The 61-year-old head of the paramilitary Gendarmerie was promptly called to meet Prime Minister Tayyip Erdoğan and President Abdullah Gül on Friday and told he would be acting chief of the armed forces.
Özel now stands to get the job on a permanent basis, two years sooner than he might have expected, according to media reports that suggest Erdoğan had earmarked him to take over from General Işık Koşaner if he had retired as scheduled in 2013.
Instead Koşaner and the three service commanders requested early retirement in protest against what they saw as unjust prosecution cases against 250 retired and serving officers detained on charges related to various coup conspiracy cases.
Özel is now expected to be confirmed as the new chief of general staff for NATO's second largest military by the end of a four-day meeting of the Supreme Military Council (YAS) on Thursday.
Özel has stood apart throughout the confrontations between Erdoğan's ruling AK party, a socially conservative party with roots in political Islam, and the fervently secularist military.
He gathered positive reviews in the media for past comments that revealed a commitment to acting within the law, while other officers have been accused of brutal violations in a fight against a long-running Kurdish separatist insurgency.
"During my period of duty, we conducted the struggle against separatist terrorism totally within legal regulations," Özel said in a farewell speech when he stepped down as chief of the 2nd Army, based in the southeast province of Malatya.
"We did not allow any non-legal activity. To put it another way, we did not cover anything up. This gives me peace of mind," he said, in remarks that distanced his command from accusations of military misconduct elsewhere in the Kurdish conflict.
"VALUES OF THE REPUBLIC"
A reference to the law also popped up this weekend in Özel's farewell message to gendarmerie comrades, with a dutiful nod of respect to Mustafa Kemal Ataturk, the soldier-statesman who founded modern Turkey in 1923 out of the ashes of the Ottoman Empire.

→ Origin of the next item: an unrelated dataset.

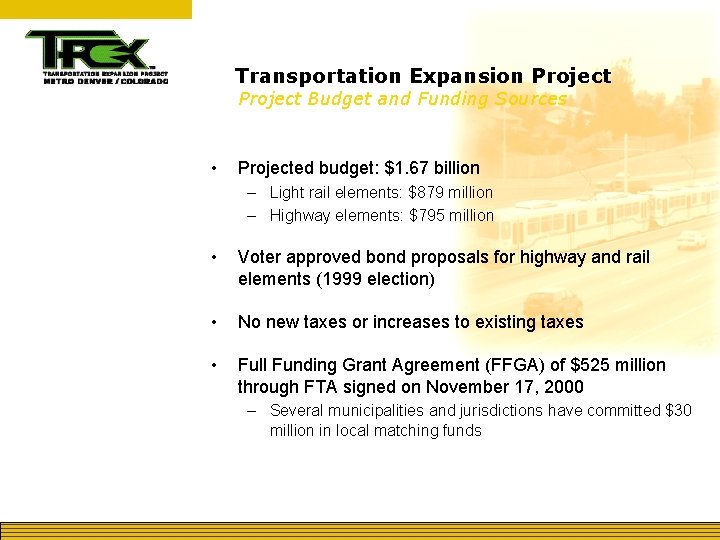 Transportation Expansion Project Budget and Funding Sources • Projected budget: $1. 67 billion –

"In the words of our eternal chief commander Gazi Mustafa Kemal Ataturk, our gendarmerie is 'an army of law, an example of humility, sacrifice and self-denial, faithful to the homeland, nation and republic'," Özel wrote.
He also said the gendarmerie was "bound to the values of the republic," values which have always put a heavy emphasis on the state's secularism.
Having overthrown three civilian governments between 1960 and 1980, and forced out an Islamist-led government in 1997, the military has had its power considerably reduced through reforms undertaken by Erdoğan aimed at strengthening democracy in Turkey to boost its chances of joining the European Union.
While the military appears to recognize that the Turkish public will not tolerate any return to the era of coups, several generals have failed to hide their disdain for the ruling AK Party's leaders.
But Özel has avoided being drawn in to politics.
According to media reports, Özel did not join General Koşaner and the head of the ground forces in visiting officers jailed in the "Sledgehammer" investigation on February 20.
"There has now been a mass resignation but he didn't take part, because he is his own man," said military expert Namik Cinar, who studied with Özel at military school.
"He will not be the government's man either. He is a man of duty," Cinar was quoted as saying.
According to the General Staff website, Özel, born in 1950, was previously commander of Turkey's Aegean Army from 2007-2008 and head of the 2nd Army from 2008-2010, before becoming gendarmerie commander in August 2010.